Friday, May 25, 2012

Echo Glen Lake

Not many people know that there was a beautiful lake right in the center of River Vale. It was created by the Holdrum family by constructing a dam that blocked the little stream that presently runs under River Vale Road about 200 feet north of the police station. The lake covered the area from the present DPW garage north to the base of the hill where the Holdrum Estate stood. It went eastward about 400 feet to where the broken dam still stands. It went westward for probably 1500 feet or more and on the West side of River Vale Road. It was quite wide in some places. On a weekend you would see a crowd of people fishing off the bridge on both sides of River Vale Road. A crowd in those days meant 8 or 10 people. This lake was directly across Echo Glen Road from my home and I spent many, many hours playing along the grassy shore of this wonderful lake.

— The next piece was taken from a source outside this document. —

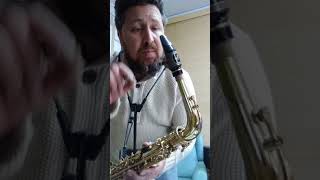 SAX ALTO SELMER SA80II TESTE 1 [upl. by Ellesij84]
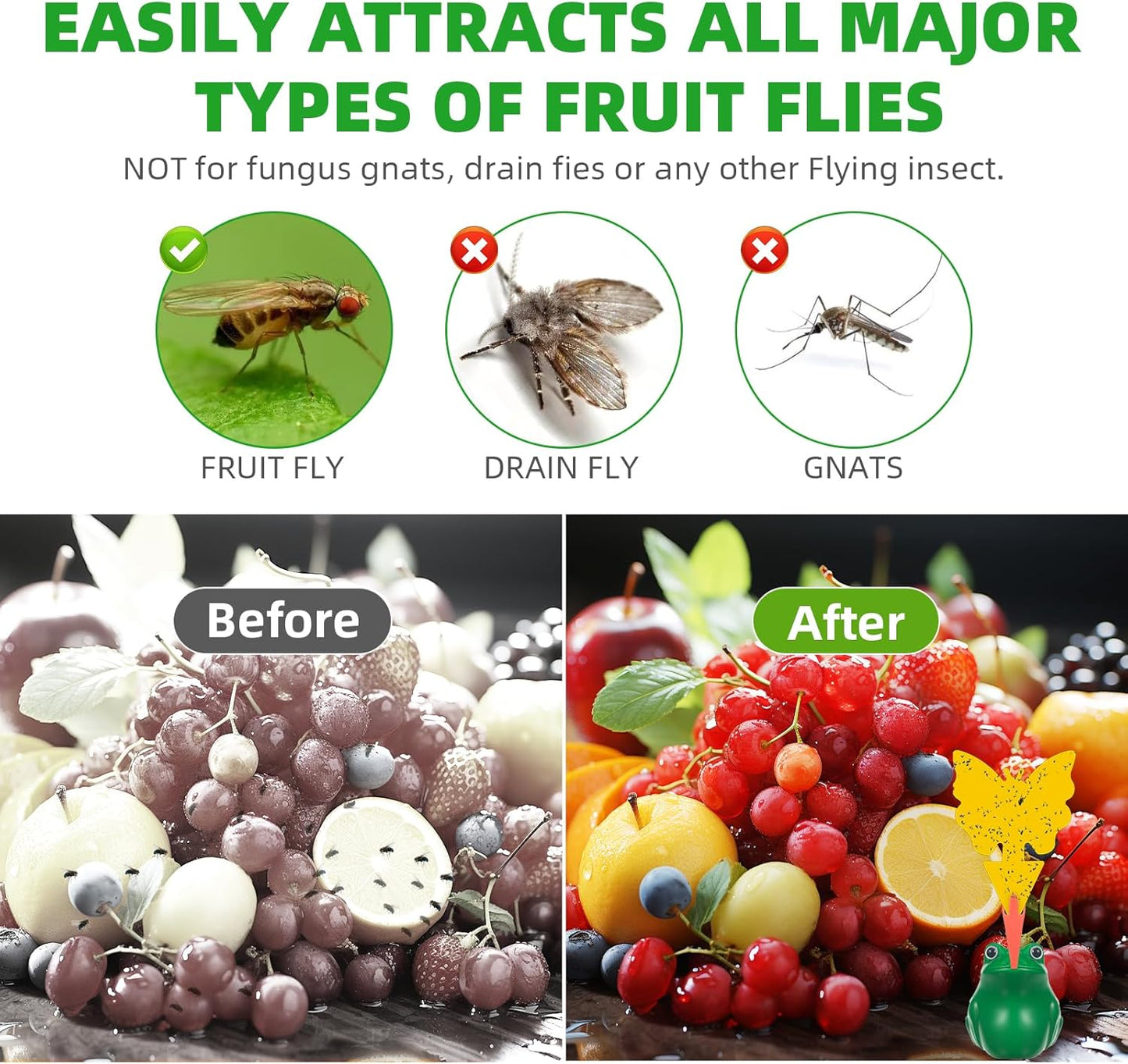 2Pack  Indoor Fruit Fly Traps with Sticky Stickers and Bait,Non-toxic Fruit Fly Catcher for House Dark Green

During the winter this place attracted even more people than in the summer. There was no television with which to watch football or things like that on a Sunday afternoon, so people headed out to various ponds in the area to go ice skating. Occasionally, an ice boat would show up on "our" lake as the lake was long enough for an ice boat to get moving. Saturdays and Sundays would bring dozens of people onto the lake and a couple of bonfires would be started so the skaters could take a time out and get warmed up. As I remember, I would spend more time playing with the fire than I would playing on the ice.

Echo Glen Lake
At left is a picture of Echo Glen Lake looking south from the front lawn of the Holdrum Estate. The two buildings are a rear view of the Holdrum ice houses. To the right of this, behind the old car would be the site of the present day police station and DPW garage. The row of trees further to the right would follow the path of River Vale Road going south. I don't know when this picture was taken. My guess is that it was the late 20's. The forward two people in the canoe are my father, Roy Secor, and my uncle, Harold Riedel, the other two I cannot identify.